At least a subsidy enhances the full society....welfare is a dead end, no return to society...just a carrot on a stick like a donkey.
Hopefully the Iowa hog farmers lobby will reduce the power of the Iowa corn farmers lobby and bring some sanity back into the feed market.
......if corn growers have a bad year.....
In October I traveled through 17 states passing through seemingly endless miles of cornfields. The path included extensive views of the crop said to have been doomed by water, perhaps late but there in overabundance.
It seems we have an elastic commodity. That is as demand increases, so does the production. While the claims above seem reasonable, the facts may be that enough corn will be produced to fill all demand.

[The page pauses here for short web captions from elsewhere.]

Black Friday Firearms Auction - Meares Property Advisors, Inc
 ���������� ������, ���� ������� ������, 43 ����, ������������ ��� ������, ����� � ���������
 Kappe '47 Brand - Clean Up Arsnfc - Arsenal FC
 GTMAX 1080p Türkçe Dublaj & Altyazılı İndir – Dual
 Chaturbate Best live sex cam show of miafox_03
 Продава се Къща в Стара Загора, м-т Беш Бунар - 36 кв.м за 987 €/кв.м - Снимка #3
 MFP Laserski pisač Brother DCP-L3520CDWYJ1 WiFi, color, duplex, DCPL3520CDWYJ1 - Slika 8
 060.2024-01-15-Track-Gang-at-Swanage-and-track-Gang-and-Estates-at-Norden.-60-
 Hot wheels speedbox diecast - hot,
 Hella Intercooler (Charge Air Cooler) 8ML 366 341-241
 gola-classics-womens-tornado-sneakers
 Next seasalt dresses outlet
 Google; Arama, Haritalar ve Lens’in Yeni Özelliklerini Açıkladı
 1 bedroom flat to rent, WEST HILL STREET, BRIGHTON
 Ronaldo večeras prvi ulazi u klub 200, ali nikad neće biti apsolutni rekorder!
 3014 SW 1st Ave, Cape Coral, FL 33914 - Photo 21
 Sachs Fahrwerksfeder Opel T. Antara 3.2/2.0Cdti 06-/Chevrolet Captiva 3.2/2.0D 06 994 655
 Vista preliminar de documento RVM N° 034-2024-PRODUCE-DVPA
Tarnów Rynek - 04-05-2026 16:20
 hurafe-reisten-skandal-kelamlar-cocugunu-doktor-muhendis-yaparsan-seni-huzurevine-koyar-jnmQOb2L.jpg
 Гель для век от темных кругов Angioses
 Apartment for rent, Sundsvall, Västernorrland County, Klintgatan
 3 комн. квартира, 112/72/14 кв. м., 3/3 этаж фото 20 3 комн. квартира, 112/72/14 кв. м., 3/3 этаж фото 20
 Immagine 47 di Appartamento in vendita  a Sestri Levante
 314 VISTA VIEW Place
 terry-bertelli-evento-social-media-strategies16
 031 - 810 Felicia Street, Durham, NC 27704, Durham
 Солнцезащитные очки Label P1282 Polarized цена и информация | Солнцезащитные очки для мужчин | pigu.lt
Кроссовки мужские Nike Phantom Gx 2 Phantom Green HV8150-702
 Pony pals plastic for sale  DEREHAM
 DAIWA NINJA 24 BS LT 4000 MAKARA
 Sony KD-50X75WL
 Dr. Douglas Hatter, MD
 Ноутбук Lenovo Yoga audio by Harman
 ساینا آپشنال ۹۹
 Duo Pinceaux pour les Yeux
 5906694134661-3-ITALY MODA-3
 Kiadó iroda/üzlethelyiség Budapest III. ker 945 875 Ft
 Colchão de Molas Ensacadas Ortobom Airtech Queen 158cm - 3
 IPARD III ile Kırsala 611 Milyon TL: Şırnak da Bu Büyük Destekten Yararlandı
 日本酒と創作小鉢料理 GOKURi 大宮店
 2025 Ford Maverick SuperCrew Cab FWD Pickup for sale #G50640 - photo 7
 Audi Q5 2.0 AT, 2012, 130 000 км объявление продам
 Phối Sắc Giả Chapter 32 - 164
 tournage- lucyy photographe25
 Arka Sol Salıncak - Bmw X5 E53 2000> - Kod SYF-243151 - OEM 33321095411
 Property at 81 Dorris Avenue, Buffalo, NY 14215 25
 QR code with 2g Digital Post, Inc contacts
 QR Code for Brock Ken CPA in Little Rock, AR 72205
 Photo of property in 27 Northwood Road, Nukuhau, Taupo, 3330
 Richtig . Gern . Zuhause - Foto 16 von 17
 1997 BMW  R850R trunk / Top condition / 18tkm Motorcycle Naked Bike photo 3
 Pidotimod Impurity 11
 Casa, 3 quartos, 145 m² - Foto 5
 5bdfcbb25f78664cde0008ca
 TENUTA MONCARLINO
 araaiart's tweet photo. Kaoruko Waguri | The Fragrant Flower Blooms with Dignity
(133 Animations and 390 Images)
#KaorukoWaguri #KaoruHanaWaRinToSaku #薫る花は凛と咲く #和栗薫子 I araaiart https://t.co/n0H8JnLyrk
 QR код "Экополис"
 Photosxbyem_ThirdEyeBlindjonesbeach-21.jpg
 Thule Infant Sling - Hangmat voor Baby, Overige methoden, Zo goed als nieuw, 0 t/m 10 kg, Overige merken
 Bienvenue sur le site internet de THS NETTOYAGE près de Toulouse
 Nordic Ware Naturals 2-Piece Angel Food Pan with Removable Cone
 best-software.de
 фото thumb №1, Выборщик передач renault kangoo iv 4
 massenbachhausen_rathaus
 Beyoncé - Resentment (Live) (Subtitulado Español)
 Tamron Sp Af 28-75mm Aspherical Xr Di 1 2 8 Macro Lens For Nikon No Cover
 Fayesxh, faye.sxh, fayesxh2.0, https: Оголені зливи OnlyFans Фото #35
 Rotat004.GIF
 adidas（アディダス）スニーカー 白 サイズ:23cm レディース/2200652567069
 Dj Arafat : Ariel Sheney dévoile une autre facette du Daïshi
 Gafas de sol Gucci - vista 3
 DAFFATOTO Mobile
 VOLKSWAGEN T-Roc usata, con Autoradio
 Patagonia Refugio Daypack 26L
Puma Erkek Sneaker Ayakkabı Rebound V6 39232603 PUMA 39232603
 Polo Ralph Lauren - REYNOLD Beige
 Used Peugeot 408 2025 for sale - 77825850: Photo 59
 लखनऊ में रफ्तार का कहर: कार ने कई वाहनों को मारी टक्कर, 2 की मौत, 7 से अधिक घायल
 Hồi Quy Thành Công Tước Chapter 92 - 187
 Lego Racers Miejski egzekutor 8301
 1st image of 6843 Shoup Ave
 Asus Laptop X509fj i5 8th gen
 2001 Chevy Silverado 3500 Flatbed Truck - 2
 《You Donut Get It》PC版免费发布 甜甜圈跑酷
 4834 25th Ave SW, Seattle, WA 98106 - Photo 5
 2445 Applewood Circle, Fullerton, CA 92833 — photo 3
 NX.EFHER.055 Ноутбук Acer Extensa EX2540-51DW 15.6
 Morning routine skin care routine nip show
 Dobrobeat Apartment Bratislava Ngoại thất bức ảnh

Then there is exports. As you traverse the Mississippi river you see mega storage and transport facilities for export. If there is a crop diminution, exports will go, domestic will be retained.
I will not argue for ethanol, but my eyes saw am abundance of corn that is awesome.
It appears the meat farmers are jealous of the corn farmers
Even countries like China have banned new ethanol projects. They know that ethanol from corn is NOT an economical source of “new” energy.
How scizophrenic and stupid is our energy policy? We grow corn, not to eat, but to put in our gas tanks, while we refuse to send oil via pipeline from a massive source only 200 miles north of our border.
HA!
Spoken like a true Statist.
"While a $5 billion-a-year federal ethanol subsidy is scheduled to expire this year, the production requirement will remain, unless it's changed by Congress."
That's progress. I don't know if that's all of corn ethanol's subsidies. My main problem is subsidies, all subsidies, except for basic science, e.g. getting hydrocarbon fuel from cellulose in new and cheaper methods, not distilling ethanol from corn. There should be nothing for producing commodities. That's what a free market should determine.